Czyżby powrót do początku?

Moderator: moderatorzy

Awatar użytkownika
EB
bywalec
Posty: 196
Rejestracja: czw lis 06, 2014 3:49 pm
płeć: mężczyzna

Czyżby powrót do początku?

Post autor: EB »

.
Ostatnio zmieniony pt kwie 10, 2015 12:15 pm przez EB, łącznie zmieniany 1 raz.
Awatar użytkownika
Bright Angel
zaufany użytkownik
Posty: 5440
Rejestracja: ndz gru 10, 2006 9:40 pm
płeć: mężczyzna

Re: Czyżby powrót do początku?

Post autor: Bright Angel »

Lęki powstają wtedy, gdy ktoś nie boi się JAHWE i grzeszy. Najlepszym lekarstwem na lęki jest niegrzeszenie i bojaźń przed JAHWE.
Just remember that death is not the end. Heaven or hell? The choice is Yours.
Awatar użytkownika
Dobro
zaufany użytkownik
Posty: 18772
Rejestracja: pt lut 17, 2023 4:23 pm
Status: Karuṇā करुणा
płeć: mężczyzna
Gadu-Gadu: bla bla
Lokalizacja: Brak

Re: Czyżby powrót do początku?

Post autor: Dobro »

Nieśmiałość nie boli i czasem pomaga. A lęki masz do ludzi? Kwestia tego czy jest lęk racjonalny lub irracjonalny.
:angelic-blueglow:
Awatar użytkownika
schizo11
zaufany użytkownik
Posty: 1053
Rejestracja: śr wrz 28, 2011 9:58 am
płeć: mężczyzna

Re: Czyżby powrót do początku?

Post autor: schizo11 »

Nie wiem co się z tobą dzieję, idź do lekarza.

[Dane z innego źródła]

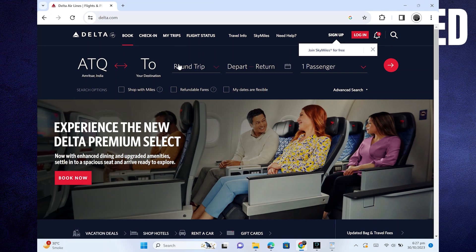Hey there! In this video, I will show you exactly how to add extra baggage in Delta Airlines.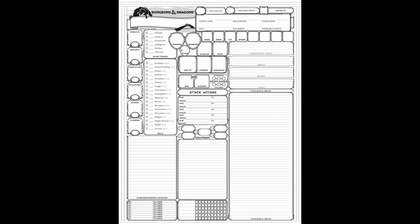The dodge action means you focus entirely on avoiding the enemy attacks. This translates to them having disadvantage on hitting you and you have advantage on dexterity saving throws. When talking about advantage or disadvantage, this means that instead of only rolling one d20 to see if you hit, you roll two. On advantage, you take the higher of the two dice. On disadvantage, you take the lower of the two.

Ja też podobnie jak ty najpierw miałem zdiagnozowaną nerwicę a potem osobowość unikającą, potem wybuchła u mnie schizofrenia.
Awatar użytkownika
hvp2
zaufany użytkownik
Posty: 11070
Rejestracja: ndz lis 04, 2007 2:14 am
płeć: mężczyzna

Re: Czyżby powrót do początku?

Post autor: hvp2 »

EB! Na jakiej podstawie uważasz, że jesteś aż tak ważny, aby ludzie mieli Cię obgadywać? Oni na ogół są zajęci swoimi osobistymi sprawami (zwykle zmartwieniami).
Eden pisze:Nieśmiałość, lęki przed ludźmi, a schizofrenia, to 2 różne sprawy. Powinieneś nad tym popracować. Popracować nad sobą. Pewne leki istnieją - Zomiren, Tranxene - jest ich trochę - zapisałby ci je lekarz rodzinny, lub psychiatra. Są to leki antylękowe i uspokajające, inne, niż na schizofrenię.
Ja się z Edenem zgadzam że nieśmiałość, a schizofrenia to są dwie różne sprawy. Jednak o ile leki na schizofrenię generalnie trzeba brać (aby chore myśli nie przesłaniały świata) to na nieśmiałość sposobem nie są leki typu benzodiazepiny, ale terapia psychologiczna - najpierw indywidualna, a potem również psychoterapia grupowa (bez rezygnowania z indywidualnej!).
ODPOWIEDZ

Wróć do „lęki”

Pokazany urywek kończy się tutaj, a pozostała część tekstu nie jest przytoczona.